Some of the most common causes of child fatalities occur due to severe burns, falling from a high structure, and suffocation. Children are also at risk of drowning and accidental poisoning. Burns and falling tend to be the leading causes of accidental fatal injuries. Choking and suffocation happens less often, but children under five are most at risk of dying from these occurrences due to improper bedding, small toys, and squeezing into small spaces that cannot be escaped from. Drowning and poisoning happen even less often than suffocation, but backyard swimming pools and chemicals within reach kill thousands of children every year.
The leading cause of child fatalities is usually injury by accident. These injuries are often either sustained in the home or during transportation. In lesser cases, the child is injured in a homicide or the nature of the injury is undetermined. Boys are more likely to sustain injuries in the home than girls. Children under the age of three are more likely to become fatally injured by accident than an older child.
Severe burns and injuries by falling from tall heights are some of the top reasons for child fatalities. Burns are usually acquired from house or automobile fires. Injuries by falling are often acquired by falling from stairs or banisters, open windows, or other tall structures in or around the home. Sometimes these events can be prevented by supervising the child, but other times the cause is complicated or the fault of a drunk driver or equally unpredictable occurrence.
Suffocation is a problem for young children, particularly children young enough to get stuck somewhere. Choking on toys or parts of clothing can also lead to suffocation. These child fatalities can be prevented by paying attention to warning labels on toys and forbidding children to play in car trunks, old refrigerators, or other small areas with a limited air supply.
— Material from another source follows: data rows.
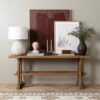 Dover Console Table – Natural Oak Finish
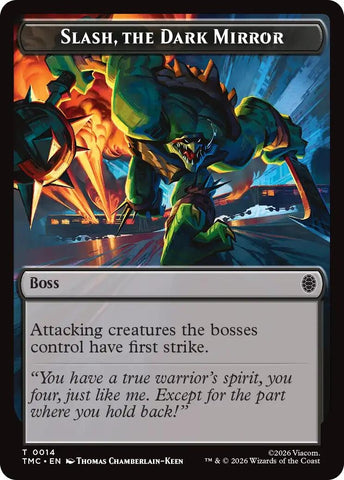 Image for Slash, The Dark Mirror (14) [Commander: Teenage Mutant Ninja Turtles] - Magic: The Gathering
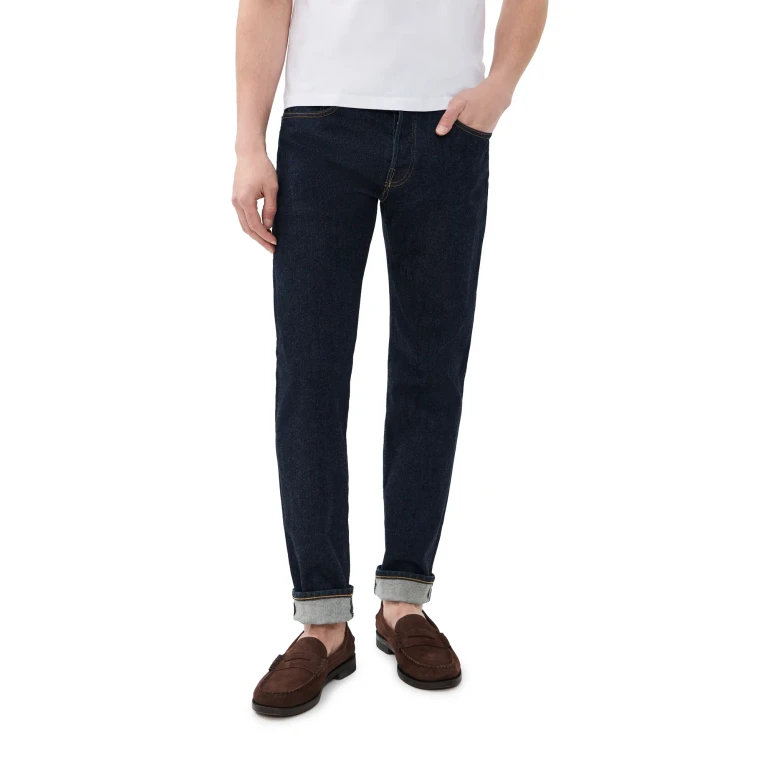 Madewell 1991 Straight Rinse Comfort Selvedge Jeans Rinse 32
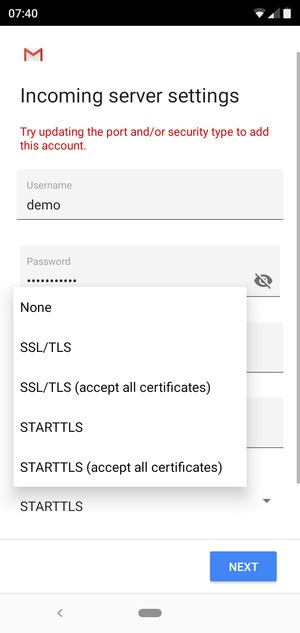 Select None and  NEXT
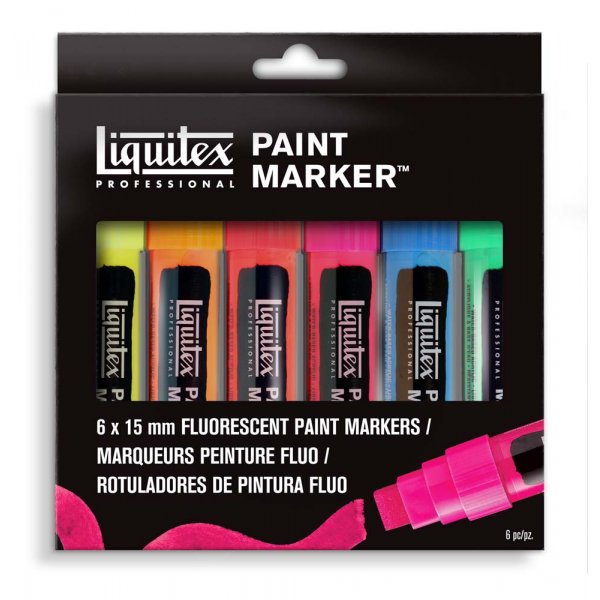 Set de marqueurs de couleur Liquitex Wide 15mm - Fluorescent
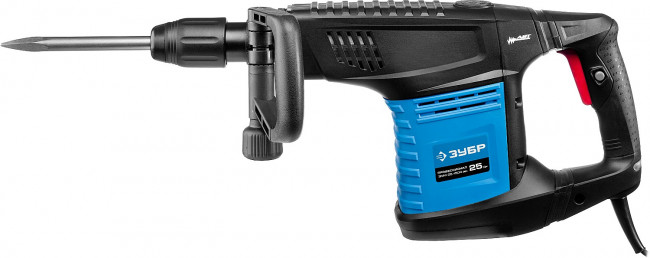 Молоток отбойный, ЗУБР Профессионал, SDS-Max, 25 Дж, 11 кг, 900-1800 уд/мин, 1500 Вт, АВТ, кейс,  ( ЗММ-25-1500 ЭВК )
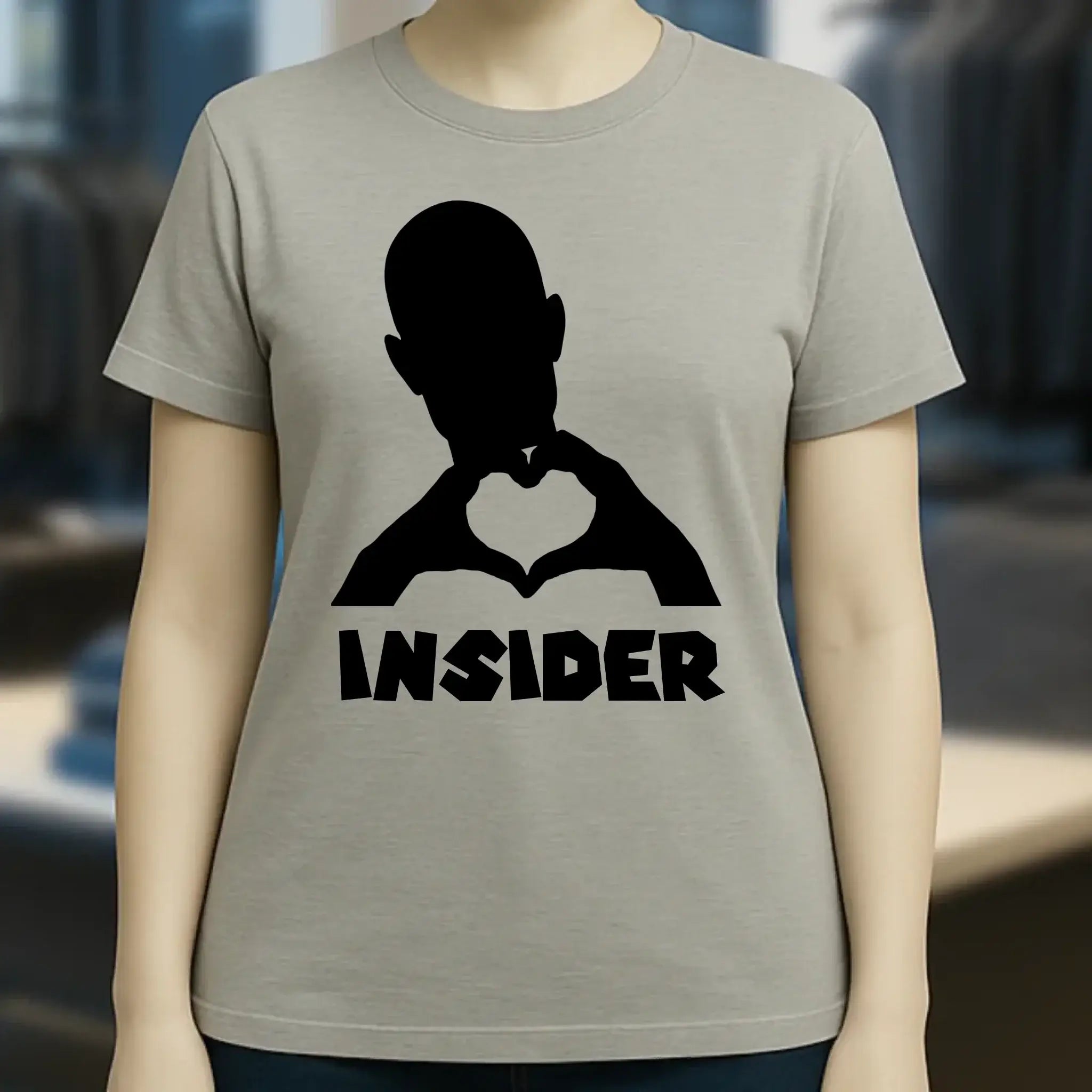 Keine Frage, ich liebe Dich auch! • Insider • personalisierter Text • Ladies Premium T-Shirt XS-2XL aus Bio-Baumwolle für Damen • Exklusivdesign • personalisiert • Motivauswahl • personalisierbar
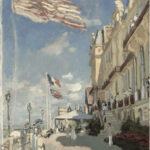 L'Hotel des roches noires a Trouville di Claude Monet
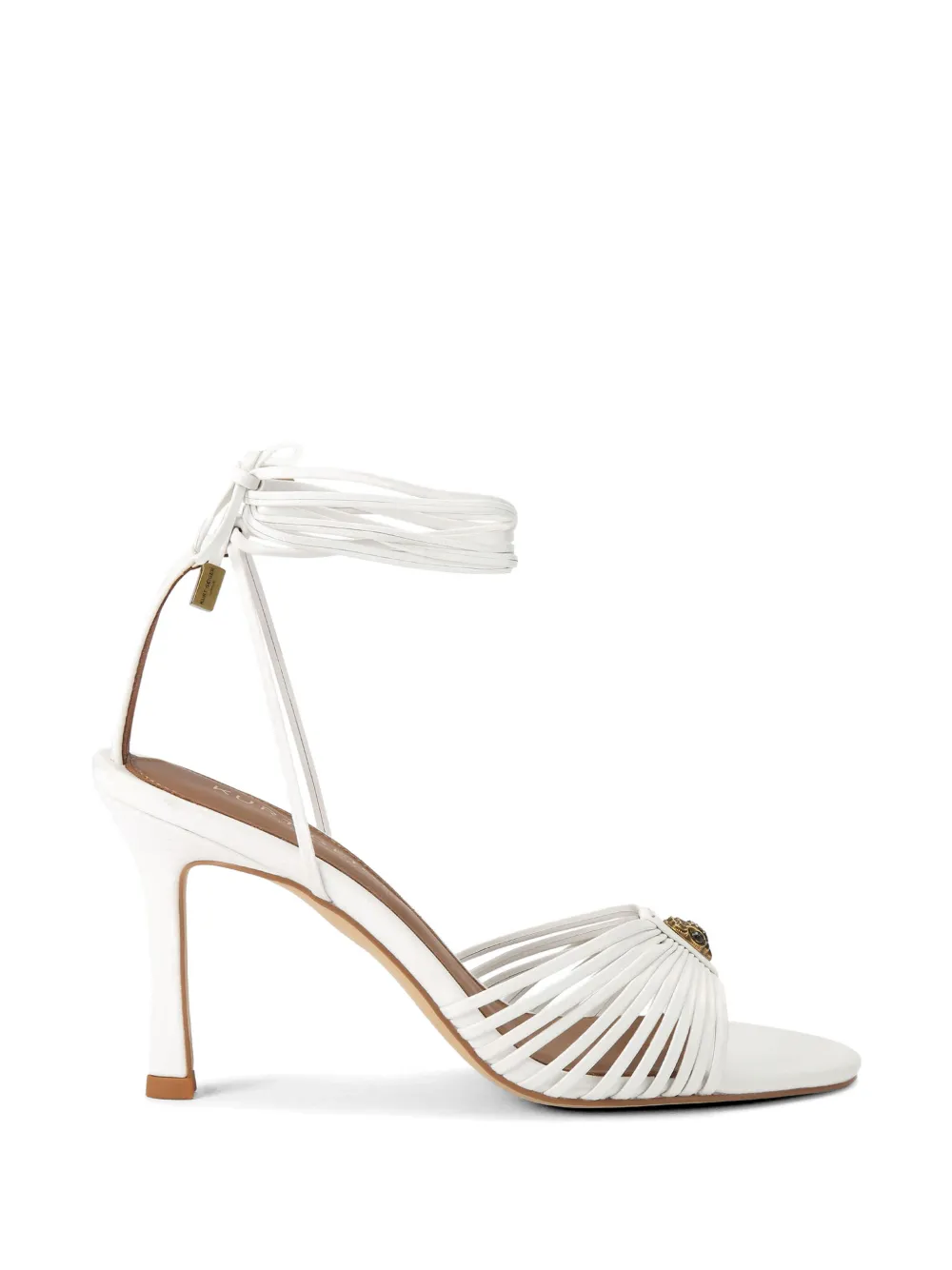 Kurt Geiger London 90 mm leren sandalen met hak Wit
Drowning and poisoning can also happen at any age, but like most child fatalities, it happens more often to young children. Backyard swimming pools should be gated and locked, and the child should be supervised by an adult during swim time. Teaching a child to swim early on can help reduce the likelihood of drowning, though it is still possible. Cleaning supplies, vitamins, and prescription drugs should be locked away out of the child’s reach to prevent poisoning or overdose. Even all natural cleaning supplies or vitamins that are usually healthy for a body cannot be consumed in large doses without major consequences.